Too much noise, not enough signal
You probably spend more than half of your time talking with people—in meetings, presentations, on the phone, or one-on-one. It’s important to make sure this is time well spent, not only for you but for everyone involved. Ineffective communication wastes time, creates confusion and frustration, and bogs down progress. Leaders need to find ways to make their messages clear and memorable, and to generate effective outcomes.

Influence versus control
As Frank Buytendijk stated at the 2015 Gartner Symposium, ‘influence scales, while control does not.’ Influence is your most critical leadership capability, and in an environment of increasing complexity and less control, it’s more important now than ever before.
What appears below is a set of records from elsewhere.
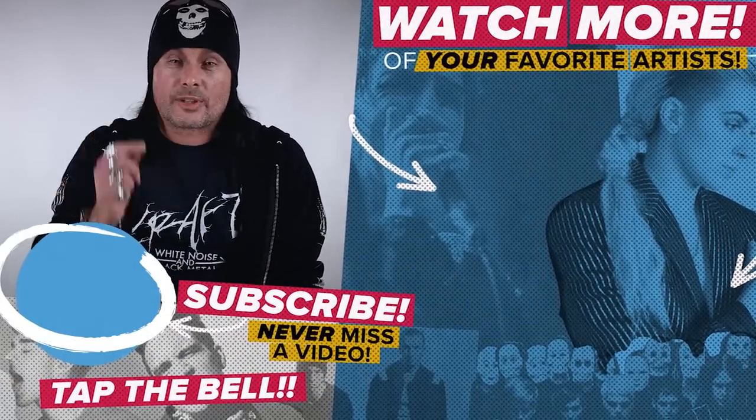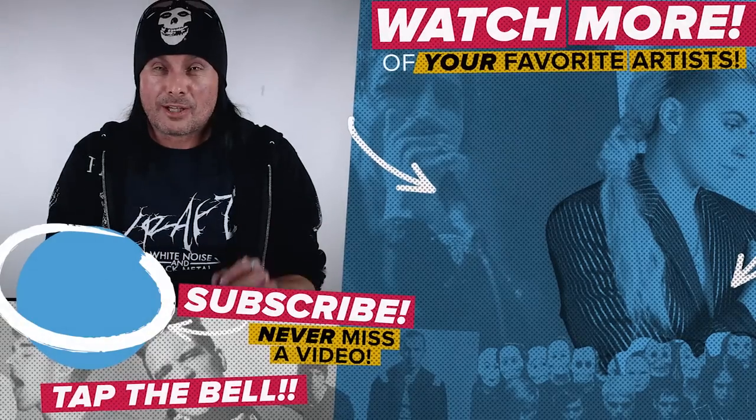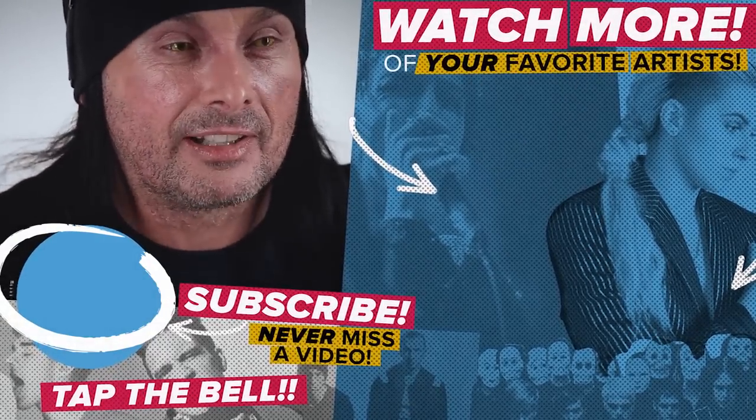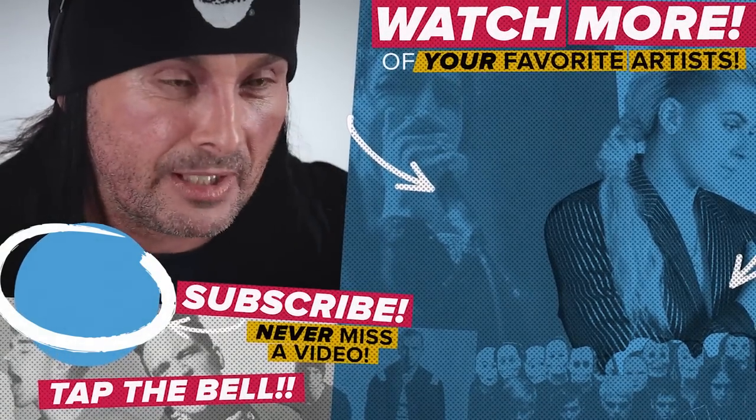The reason I get distracted is because every time I think of Saving Private Ryan, I say 'shaving Ryan's privates.' And that's a really bad mistake I made when I bought my grandma that for Christmas — she wasn't impressed.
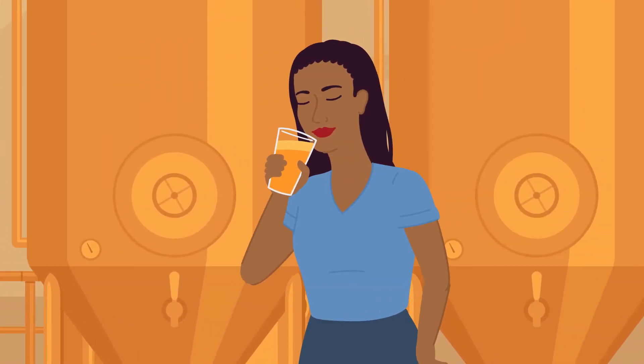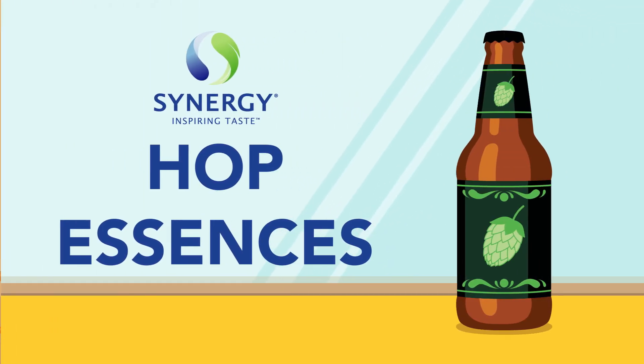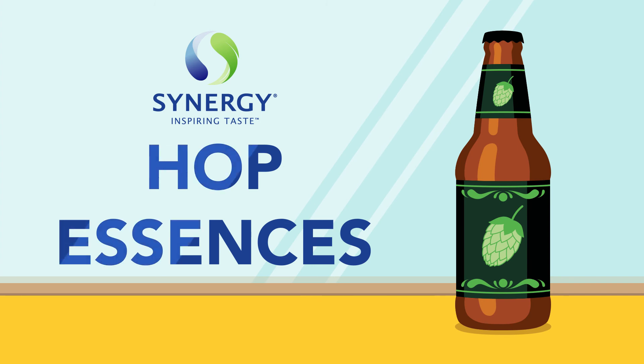...making them extremely versatile across your portfolio. Synergy Pure Hop Essences are high impact, easy to use, and cost effective. Nature created it — we captured it. Request your demo today.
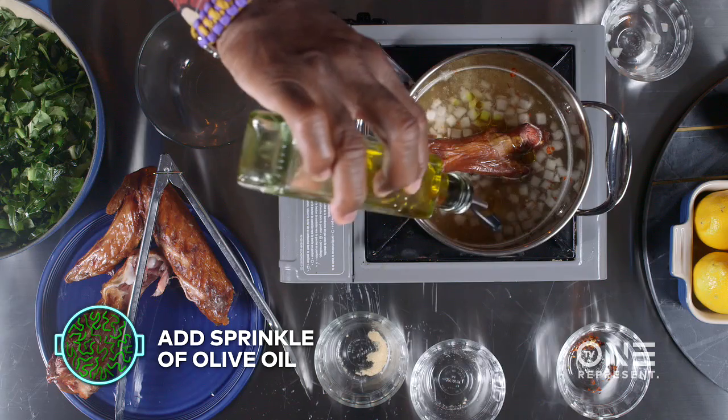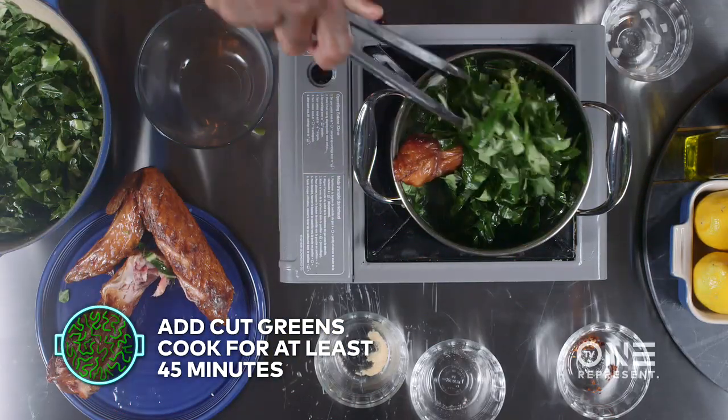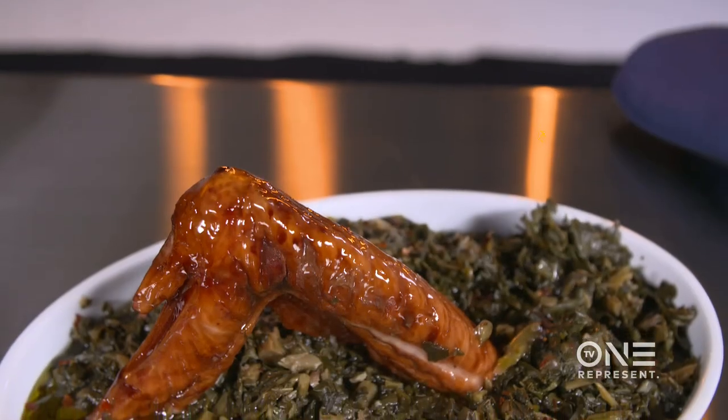Put your little oil in there, bring that to a boil. You can go ahead and start putting your greens in there. Put the top on it, go to sleep, wake up — you'll know about the smell in your house.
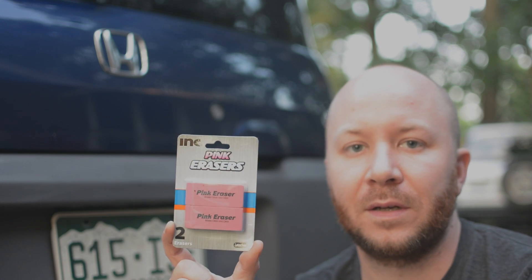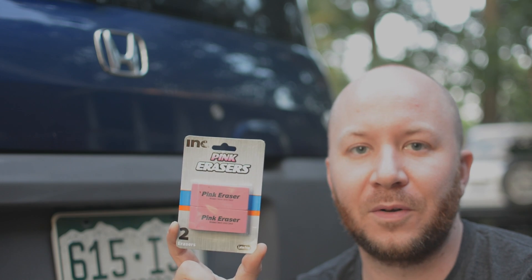Perfect. And that's it guys — take your wax off your bumpers with just some regular old erasers. Can you believe that? I was shocked. I had to share it because I know that the plastics on an Element are great because you don't get scratches in your car.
Leaders need to gain skills to communicate in a way that builds trust and influence throughout their organisation.

Disruption is the new black
Change is now business as usual, but that doesn’t make it easier. Many people in organisations are overwhelmed by constant change and find it difficult to adapt and transform to new mindsets and new ways of working. Leaders need to find ways to communicate that will foster an agile, resilient culture where their teams can flow with transformation instead of fighting it.

I think leaders communicate at different levels, on a scale that looks like this:

Digital transformation, Leadership, Information Technology, Storytelling

Noise: Radio static
Some leadership teams provide no consistent messages at all. Employees are receiving either radio silence or static from the leadership team, but no clear signal. This leaves employees confused and frustrated. Unsure of what the priorities are or how their work contributes, they become overwhelmed by their inbox, their diary and their task list. Rather than focusing their efforts on what’s most important, they waste time on less important tasks and in endless meetings that don’t achieve anything.

Information: Talk radio
Some leadership teams provide consistent, useful information that lets people know what’s happening, what the priorities are, what they can expect, and what they need to do. Most communication in organisations tends to be at this level of factual information. Employees and stakeholders are now receiving a clear signal, and what they’re picking up is a talk radio channel. The problem with communicating at this level is that information on its own is forgettable, dull and doesn't inspire action. If people are at all skeptical of the leader or the plan, communication based only on information can also create unexpected resistance.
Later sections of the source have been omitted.